It is important that clients refer to the disclosures under Brokerage Practices in the Disclosure Brochure.
Greg is not actively engaged in any other investment-related business or occupation. Further, he is not
actively engaged in any other business or occupation for compensation. “Actively engaged” is deemed
to mean the business activity represents more than 10 percent of his time and income.
Item 5 - Additional Compensation
The amount of commissions paid by Osaic to Greg can fluctuate based on his overall production.
Therefore, the more business placed by Dean Gregory Ringdahl through Osaic can enable Greg to
reach another threshold, enabling him to earn a higher payout.
Additionally, Osaic offers incentives to attend certain conferences based on achieving production
thresholds. There is no requirement to sell a certain product or a specific amount of a specific product.
Qualification for trips and conferences is based on overall production and meeting the production
levels determined by Osaic. If the thresholds are satisfied, Osaic can cover certain travel and
conference costs.
Item 6 - Supervision
Supervision and oversight of the activities conducted through AFG is conducted by Michael H.

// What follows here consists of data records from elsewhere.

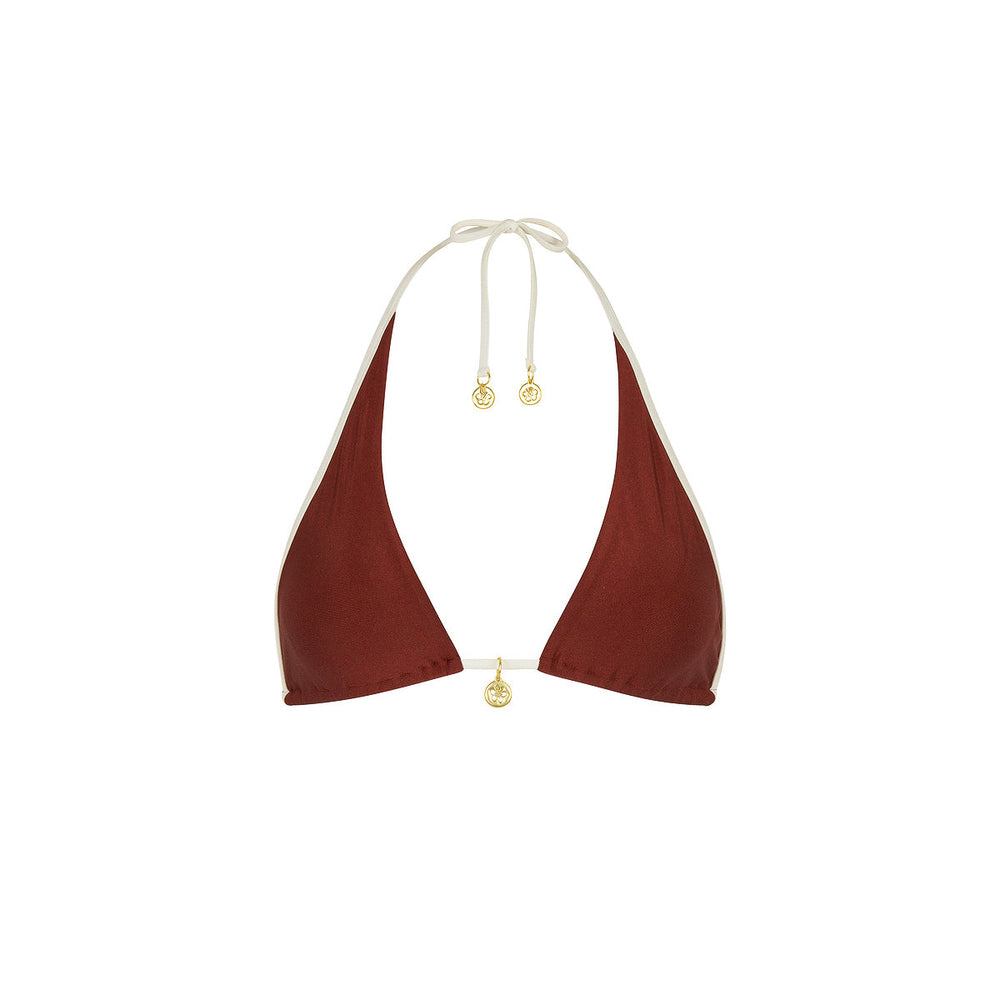 Bind Tie Halter Bikini Top - Cinnamon Sugar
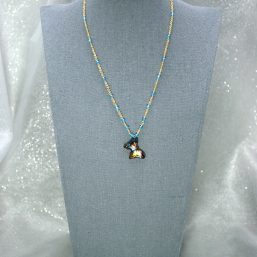 Turquoise & Gold Small Butterfly Necklace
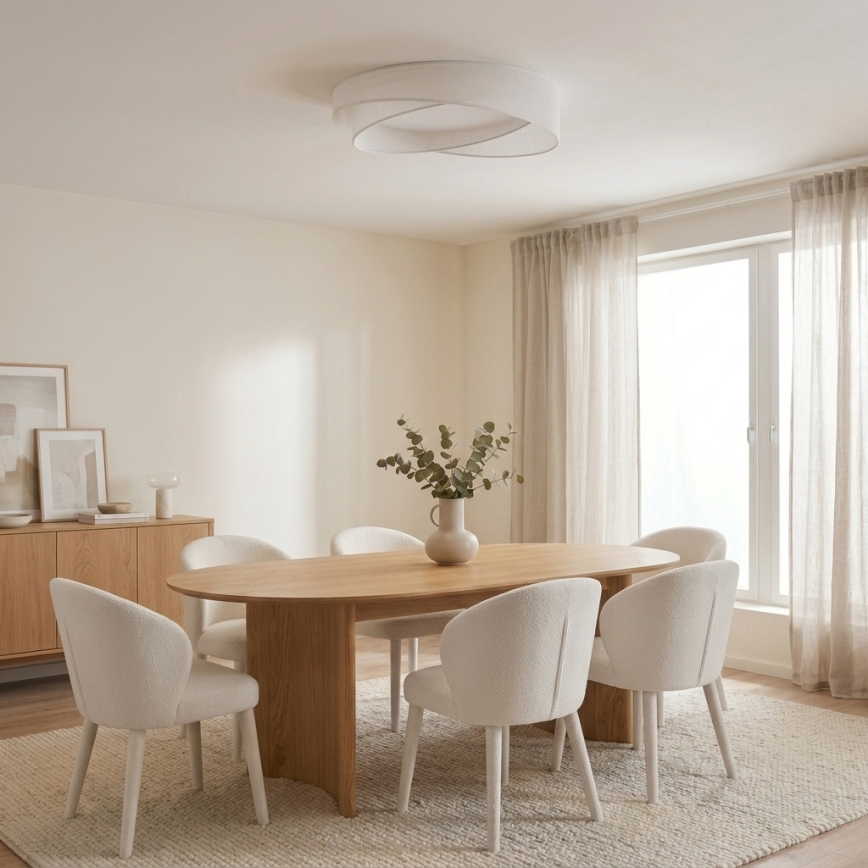 BRILAGI - oprawa sufitowa LED z funkcją ściemniania VELVET TWIST LED/36W/230V 3000-6000K śr. 65 cm Wi-Fi Tuya Beacon biały + zdalne sterowanie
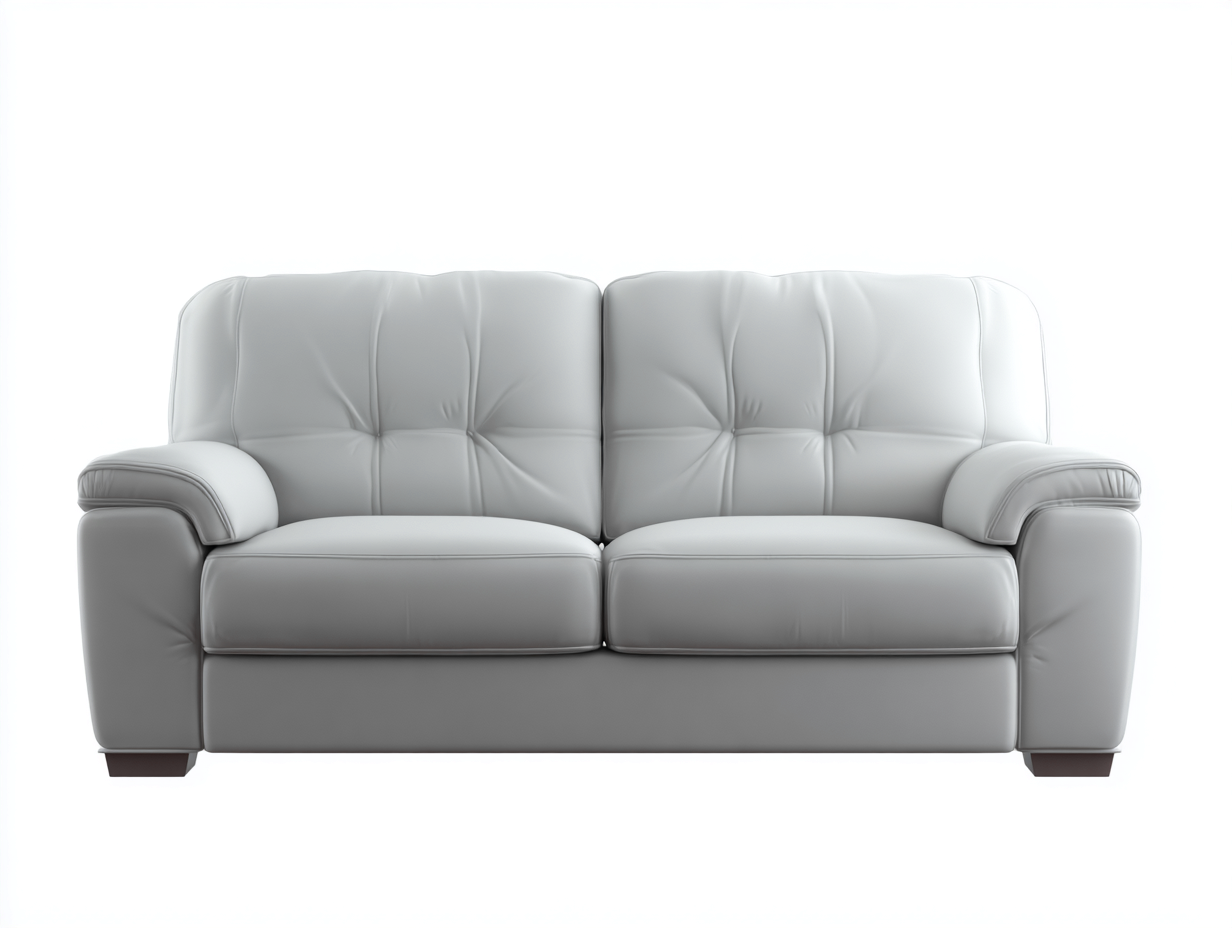 Divano a due posti-Pelle-196x90x77 cm-Grigio-Stile moderno-Lavoiacasa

Agnello, President and Chief Compliance Officer of AFG. Michael can be contacted at (561) 833-
7080 or Mike@AgnelloFinancial.com. AFG has written policies and procedures and requires all its
supervised persons to read and acknowledge acceptance of its code of ethics. AFG has a supervisory
structure and system designed to detect and prevent violations of the Investment Advisers Act.
As a registered representative of Osaic, Dean G. Ringdahl is subject to oversight by Osaic over all his
securities activities and certain outside business activities. Such oversight includes a review of Greg’s
securities business to ensure he appears to be conducting suitable transactions.